No debía compadecerla. Meh'lindi siempre se había considerado prescindible en el caso de tener que sacrificarse por una causa superior. En el rechazo de si misma había residido la verdadera perfección de la asesina. Si Rakel se iba a perder a sí misma cediendo el lugar al alma de Meh'lindi, entonces, en aquel momento, Rakel participaría al menos en un instante de perfección; y ésa sería su recompensa.

Pero, por supuesto, todavía no habían alcanzado el lugar de la Telaraña donde el tiempo se distorsionaba, Jaq aún no sabía cómo llegar hasta allí, ni tampoco estaba logrando las condiciones previas necesarias para resucitar a Meh'lindi.

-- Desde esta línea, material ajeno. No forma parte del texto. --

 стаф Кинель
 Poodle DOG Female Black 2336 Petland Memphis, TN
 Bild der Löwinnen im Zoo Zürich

¿O sí? Cómo le dolía a Jaq el alma y la cabeza con tanta confusión. Aquella interferencia eléctrica provocaba un gran desorden en la mente.

—¡Qué maldito sufrimiento es éste! —exclamó Grimm—. Me pregunto cómo lo estará llevando nuestro bufón. ¡Qué hipersensibles pedantes son estos eldar! ¡De personalidad tan intensa! Tienen los sistemas nerviosos tan tensos como las cuerdas de un arpa. Cualquier sensación se les intensifica. Es indescriptible. ¡Debe de estar volviéndose loco allá abajo! ¡Ataques y paroxismos! Voy a ver, jefe. Quizá haya menos voltaje en el sótano. Ven conmigo, Rakel, se te despejará la cabeza.

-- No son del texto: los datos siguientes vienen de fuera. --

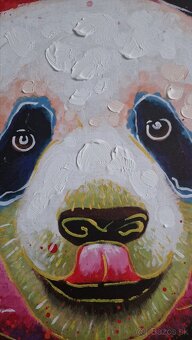 Obraz Panda 80x80 cm - 3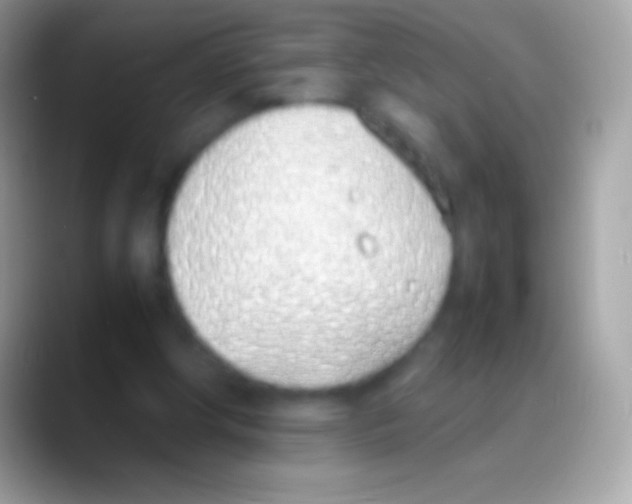 X0000088150202200706041401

—Id, id —dijo Jaq con desdén.

Grimm bajó las escaleras de piedra pisando con fuerza, mientras Rakel caminaba con cuidado detrás de él. Avanzaron hasta la celda. En cuanto el squat tocó con su mano rolliza la llave de hierro de la cerradura, soltó un gritó, sacudió los dedos y escupió sobre ellos.

—¡Maldita sea, cómo pica!

Para evitar otra descarga eléctrica, Grimm usó un pañuelo mugriento para hacer girar la llave.

El bufón, con su atuendo de huesos, estaba sentado sobre el colchón de un camastro que Jaq le había proporcionado. Tintineó una cadena cuando alzó su mano de largos dedos a modo de siniestro saludo.

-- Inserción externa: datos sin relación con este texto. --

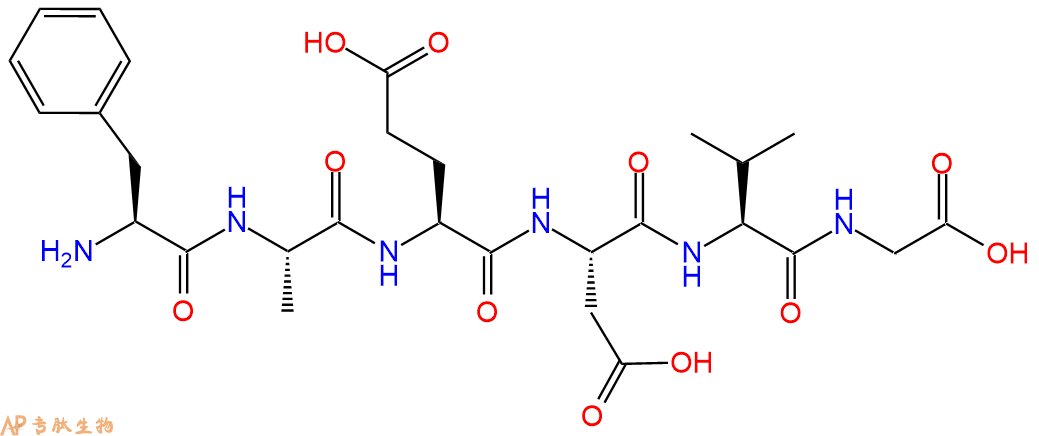 多肽FAEDVG的参数和合成路线|三字母为Phe-Ala-Glu-Asp-Val-Gly|专肽生物产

Grimm se dio en la frente.

—¡Ah, claro! Las cadenas descargan a tierra la electricidad...

—¿Qué pasa? —preguntó Marb'ailtor, que hablaba gótico imperial.

—Es sólo una tormenta. Las partículas se frotan entre sí y el voltaje aumenta.

—El ascenso de las temperaturas ha provocado esta tormenta —anunció el bufón—. El sol abrasará este mundo y todo lo que haya en él. Habrá esqueletos blancos por todos sitios. El tuyo, el mío el de ella.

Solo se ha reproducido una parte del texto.